Mütevazılığı ve uyumlu tarzı, okuyan ve düşünen kişiliği ile bütünleştikçe, güven ve imaj yakaladı. Çizgisini kalıcı kılacak adımlara odakladı. İnancını, toplumun değerlerine saygılı ifadelerini ve bu yolda uygulamalarını hep korudu.
Yakın siyasî tarihimizin zikzaklı ve engelli koşularında, demokratik yolculuğunu ve takım içinde yol aldığı düşünce sistematiğine halel gelecek bir fikri kırılmaya girmedi. Anti demokratik dönemlerin ulufe dağıtan ve misyon adamlarını cezbeden tekliflerine asla sıcak bakmadı.
Sessiz duruşunda ve hafif hüzünlenen bakışında, geçmişin üzen kırıklıklarına direnmenin verdiği tecrübe kararlılığı vardır.
Tarihi ve tarihin kaydettiği ibretlik yönetim örneklerini ilgiyle anlatır. Kinayeli ve espriyi içinde barındıran dokundurmalarında, hayat tecrübesi ve tavır koyma işaretleri vardır.
Geniş perspektifte dost galerisini olabildiğince çoğaltan ve farklılık içinde beraberlikleri korurken, kendi tarzında yürümekten de asla yorulmayan bir iç direniş sergiler.

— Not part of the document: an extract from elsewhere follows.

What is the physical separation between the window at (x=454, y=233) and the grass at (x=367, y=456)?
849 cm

Hedefine uygun esneklikten ve ilkeli duruşuna gölge etmeyecek diyaloglardan yanadır. Birey temelli bir kalkınmanın özlemini, geri kalmışlığın sefaletini yaşayan halkımızın sessiz çığlıkları arasında duyup, onları aşacak siyasî ve demokratik altyapının inşasında görünmeyen beyin oldu zaman zaman.
Muhalifinde bile saygı uyandıran zariflikte yaşadı. Bilgi birikimi, hayat tecrübesi ve toplumsal olayların arka plan siyasî felsefesi ile Müslüman ve demokrat bir kimliğin buluşmasını sağladı.

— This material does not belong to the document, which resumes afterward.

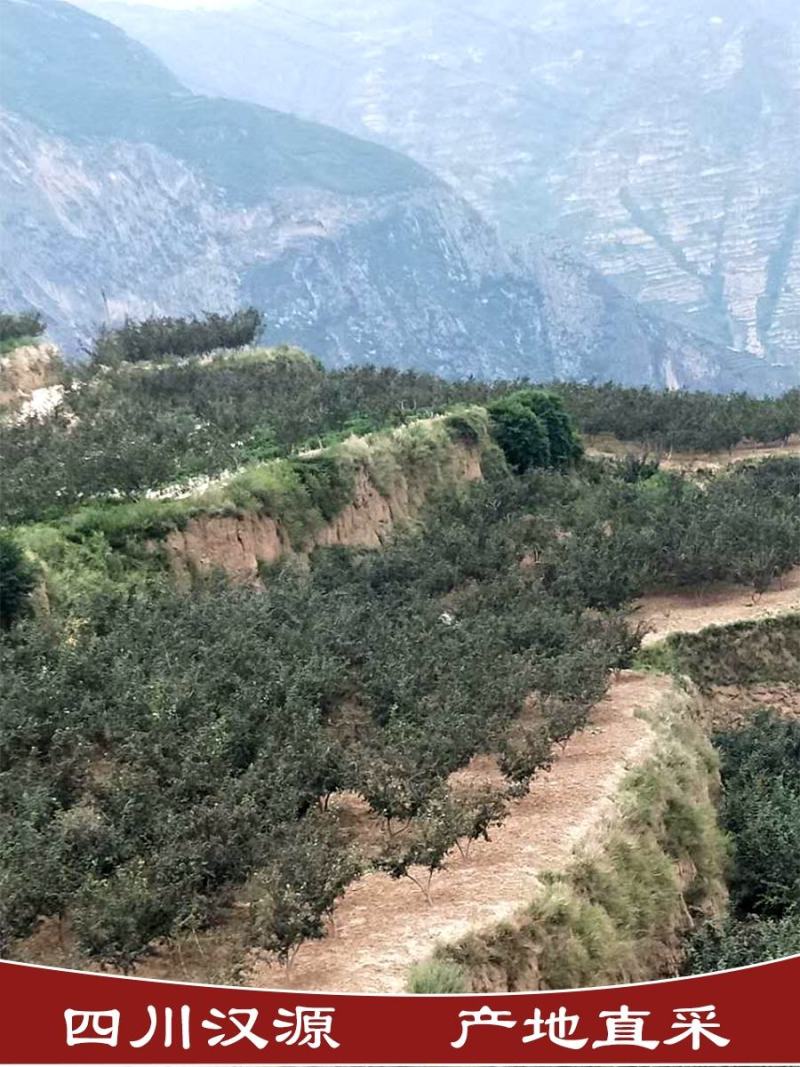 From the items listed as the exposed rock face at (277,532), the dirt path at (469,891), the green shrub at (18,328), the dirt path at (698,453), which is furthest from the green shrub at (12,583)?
the dirt path at (698,453)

Vatandaşın tepkilerini okuma ve dikkate alma hassasiyeti, onu sürekli stratejik tuttu.
Birikimini, popülaritesine rağmen sahaya ve mikrofona taşımadı. Takım içinde taşıyıcı ve yardımcı bir rehber rolünde kaldı. Potansiyelini, iç duygularının zemininde korudu.
Zamanı geldiğinde, çekilmeyi bildi. Bilge kişiliği ile kendi yolunda, mirasını aldığı gibi devretti. İlerlemiş yaşına rağmen, bir genç karşısında bile ayağa kalkma nezaketini koruyan bir beyefendi.

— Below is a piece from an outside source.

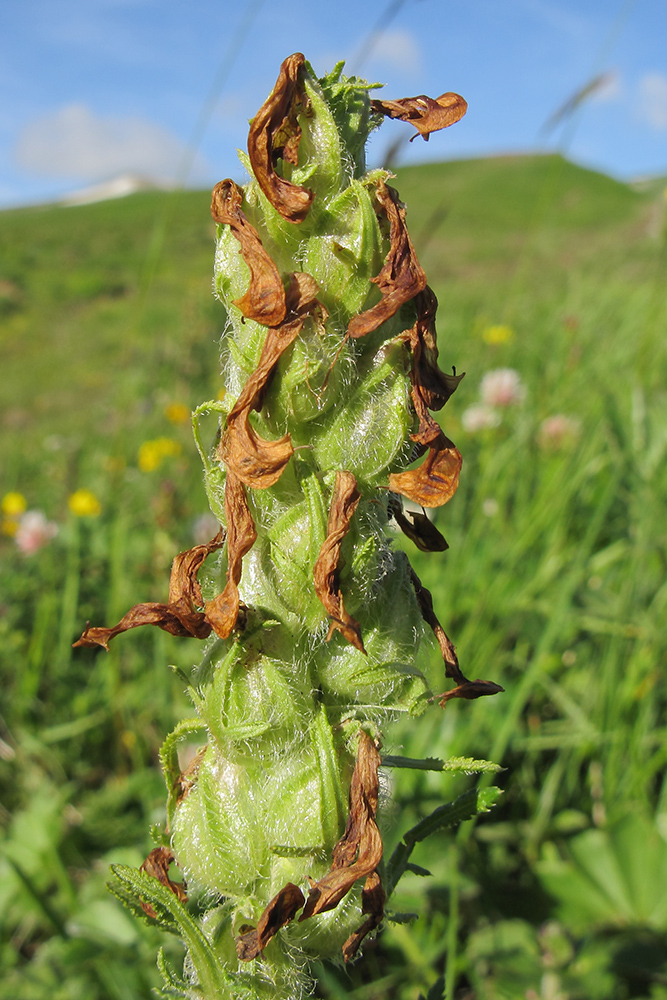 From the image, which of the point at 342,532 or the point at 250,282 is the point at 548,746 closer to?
the point at 342,532

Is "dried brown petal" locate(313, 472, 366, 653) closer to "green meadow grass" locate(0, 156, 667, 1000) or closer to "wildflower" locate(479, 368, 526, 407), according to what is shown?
"green meadow grass" locate(0, 156, 667, 1000)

Kariyer, nüfuz, statü ve yaptırım gücü yüksek en üst görevler, onu bildiğinden ve mütevazılığınden koparmadı. Stratejik düşünceleri, mümin kimliğinde Osmanlıya bağlı, cumhuriyete sahip ve AB'ye yolcu bir istikrar yolculuğu sağladı.
Demlenmiş hayatında Bediüzzaman sohbeti yaptığımızda, özgün kavrayışına şahit oldum. Masasında okunmaya aday bir kitapla görürsünüz her defasında. Sadeliği, itinası ve dikkatini odakladığı 50 yıllık aktivitesi, kayda değer tutumların ve inancın eseriydi.